Wednesday, 22 April 2015

Glorious bit of Home-Owner-Ist DoubleThink

From an article in The Daily Mail on the Mansion Tax:

House price rises good; house price falls bad

Despite the setbacks caused by the global financial crisis, many in Britain have become used to the idea that the value of their homes will always go up...

Given the uncertainty over the valuations of property and concerns over whether more properties might get sucked into the tax at a later date, it is likely that the freeze will reach well below the £2 million threshold – and may even blight sales down to £1.75 million.
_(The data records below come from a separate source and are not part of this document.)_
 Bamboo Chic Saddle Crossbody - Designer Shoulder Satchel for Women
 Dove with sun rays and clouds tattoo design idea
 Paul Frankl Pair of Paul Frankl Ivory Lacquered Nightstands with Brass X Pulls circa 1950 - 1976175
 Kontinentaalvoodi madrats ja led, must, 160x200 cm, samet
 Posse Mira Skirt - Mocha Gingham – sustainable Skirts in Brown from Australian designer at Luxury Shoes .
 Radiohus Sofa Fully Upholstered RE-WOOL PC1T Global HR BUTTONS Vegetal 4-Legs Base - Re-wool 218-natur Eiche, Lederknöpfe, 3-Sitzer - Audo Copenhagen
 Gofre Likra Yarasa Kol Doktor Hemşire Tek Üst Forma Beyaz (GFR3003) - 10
With buyers scarce, prices will tumble. For properties above and just below the threshold, an average fall in prices of more than five per cent seems likely. A much more severe fall in prices of up to ten per cent is possible. Ultimately this means that families could see hundreds of thousands of pounds wiped off the value of their homes.
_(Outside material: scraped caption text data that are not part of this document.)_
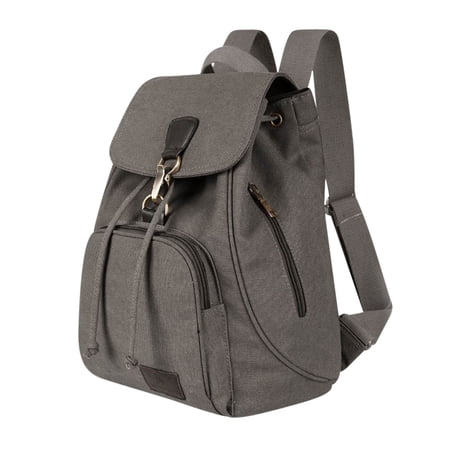 Canvas Vintage Backpack Mens Travel Rucksack Adults Casual Daypack Bookbag for Laptop Work Travel Hiking Outdoor(Grey)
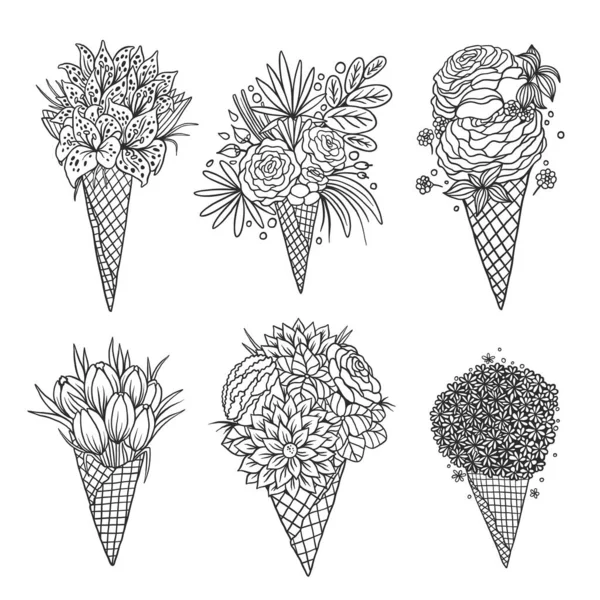 Flor helado cono contorno colección — Vector de stock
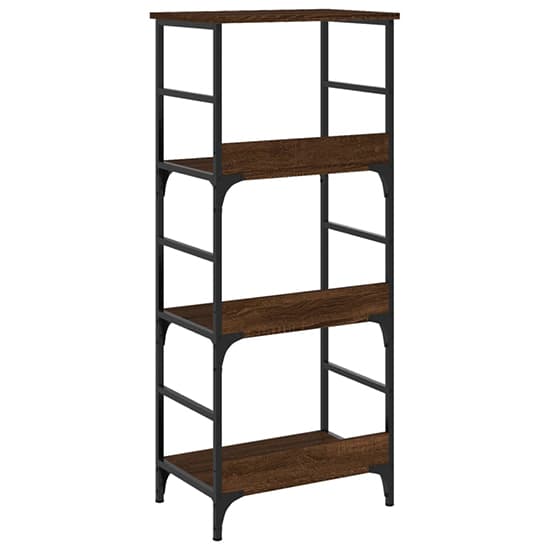 Izola Wooden Bookshelf With 3 Compartments In Brown Oak_5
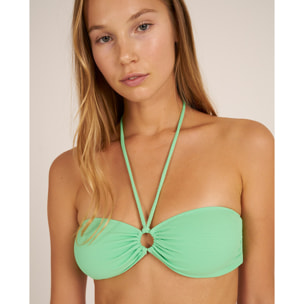 Top de bikini bandeau en tejido piqué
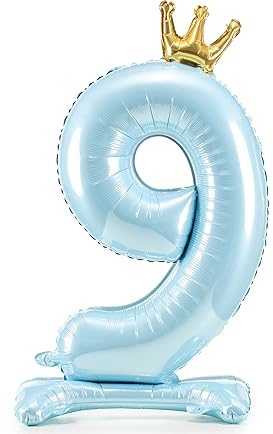 XXL Ballon 9 - Selbststehend ohne Helium Folienballon 9 Blau Ballon 9. Geburtstag Zahlenballon 9 selbststehend Junge Kindergeburtstag Luftballon Zahl 9 Hellblau mit goldener Krone, 84cm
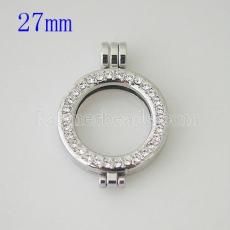 25MM Alloy coin locket pendant with rhinestone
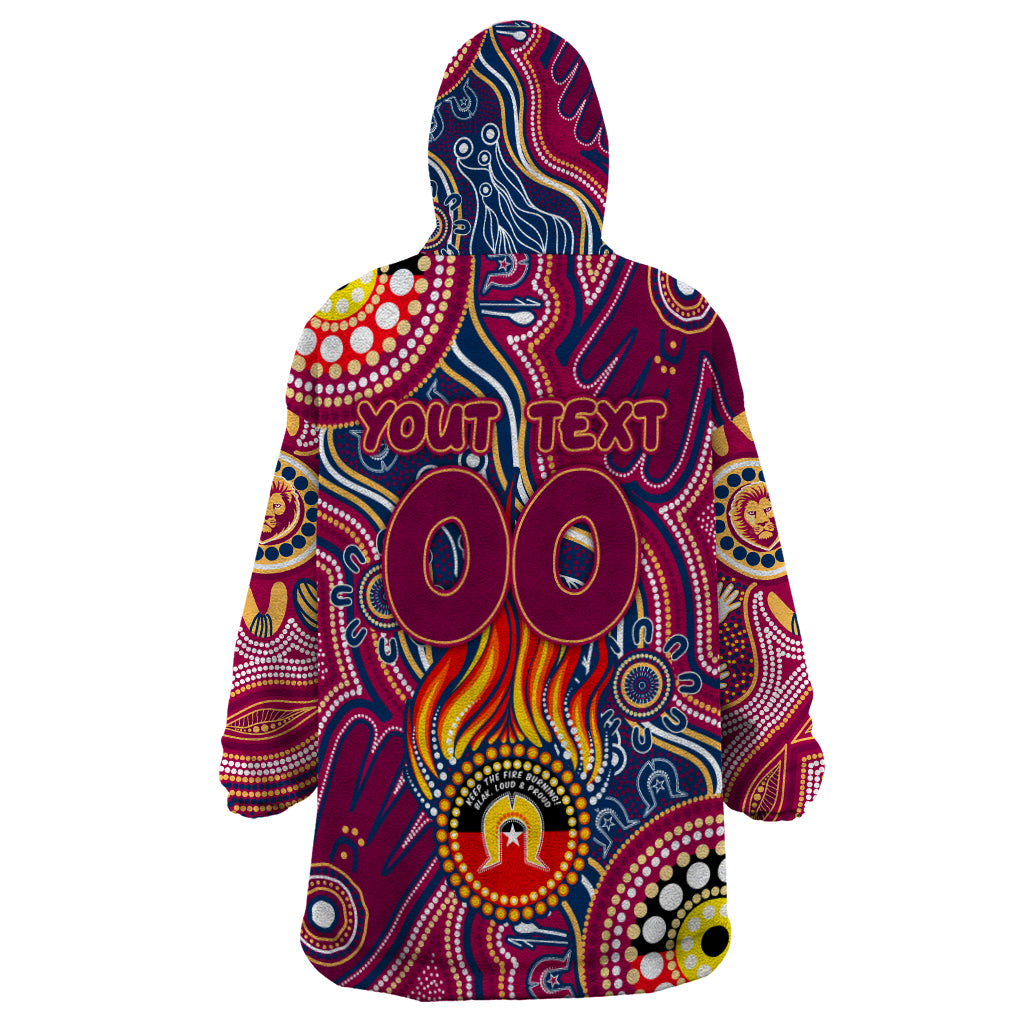 Personalised NAIDOC Week 2024 Brisbane Lions Wearable Blanket Hoodie Australian Aboriginal Hand Painting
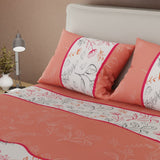Sábana Ajustable Sueños Botánicos Blanco y Naranja para Cama Sencilla 100 X 190 Cm Hojas Y Flores - SABANAS | Bylmo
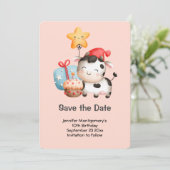Save The Date Vache souriante mignonne adorable Anniversaire (Debout devant)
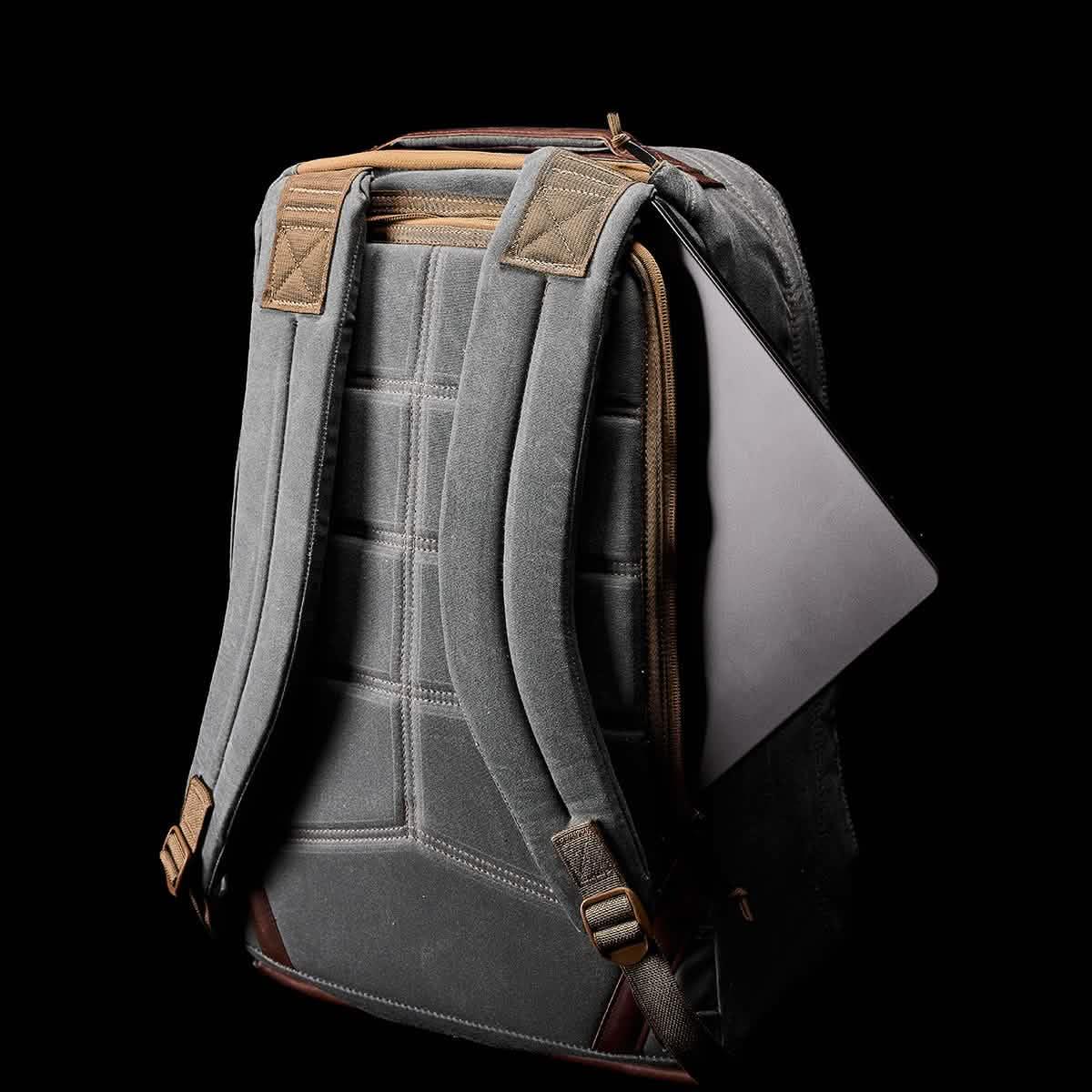 GORUCK Heritage Slate 26L backpack with padded straps and laptop compartment, black background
House price rises bad; house price falls good

But the effect will not end there. With fewer people wanting to move up the property ladder because they would be whacked by the tax if their new home was above the threshold, competition for houses below the threshold will intensify.
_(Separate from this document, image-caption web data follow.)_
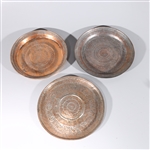 Three Antique Indian Copper Alloy Chargers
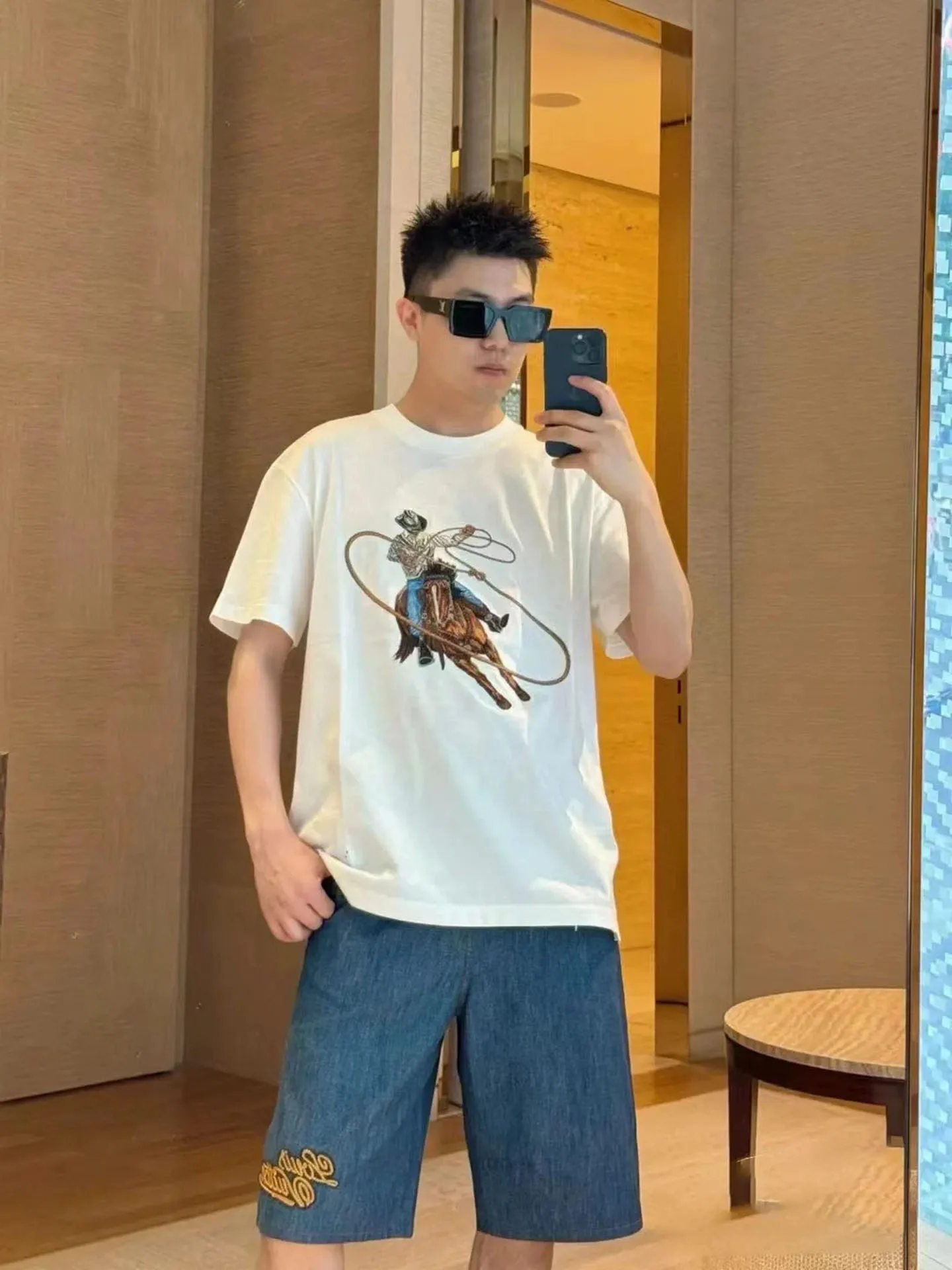 

Лето 2026: Модная футболка с вышивкой в стиле вестерн, повседневная, из чистого хлопка, с круглым вырезом, дышащая, комфортная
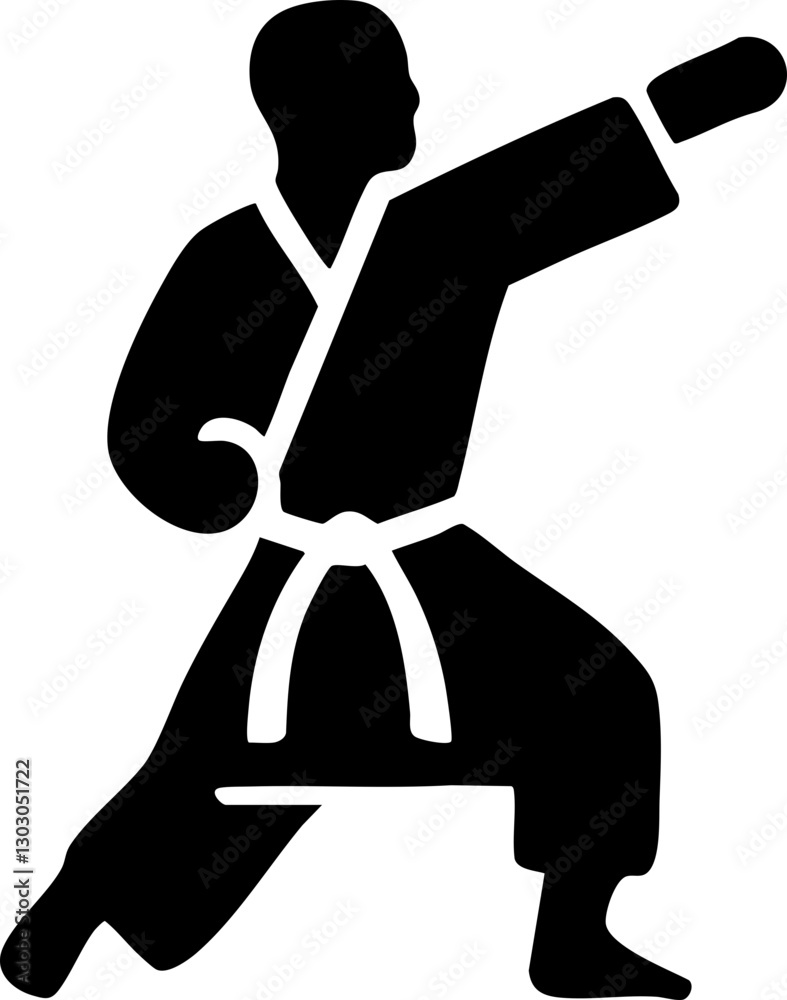 Stylized vector image of a martial artist performing a punch, ideal for sports and fitness applications. Stylized vector image of a martial artist performing a punch, ideal for sports and fitness applications.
Given that there is already a shortage of such houses, this can only mean that prices will be driven up, possibly by as much as ten per cent, pricing out many middle-class families. So the perverse consequence would be that the squeezed middle will be squeezed even more.

So there you have it: House price rises are simultaneously good and bad. If we apply their non-logic, the ideal policy must be to increase Council Tax on cheaper houses and exempt really expensive ones...
The premise is nonsense of course.

Yes, the Mansion Tax will depress prices at the top - wiping out up to six or seven months' worth of recent capital gains. Boo hoo.

But the tax will have absolutely no effect on the price of houses further down the scale. There will be an mild upward push from those few thousand Poor Widows who might finally decide to trade down and an equal and opposite mild downward push from the few thousand people who can now trade up.


L fairfax said...

But it is a bad tax isn't it?
It not based on the land value but the property. If someone lives in a £1.8 million house in e.g. Blackheath South London and wanted more space the logical thing was to do a loft conversion. Now it could be to sell and live in two smaller houses.
Or stay put a buy a flat in nearby Grove Park. The mortgage could be less than the mansion tax and cost of loft conversion together

Random said...

Have you seen the Google doodle? It's "Earth Day" apparently.

Mark Wadsworth said...

LF, it is not a very well designed tax at all, but that is not the point here.

But the notion that owners of marginal value houses will be discouraged from keeping them in good condition is another silly KLN which I have brushed off before.

R, every day is Earth Day, isn't it?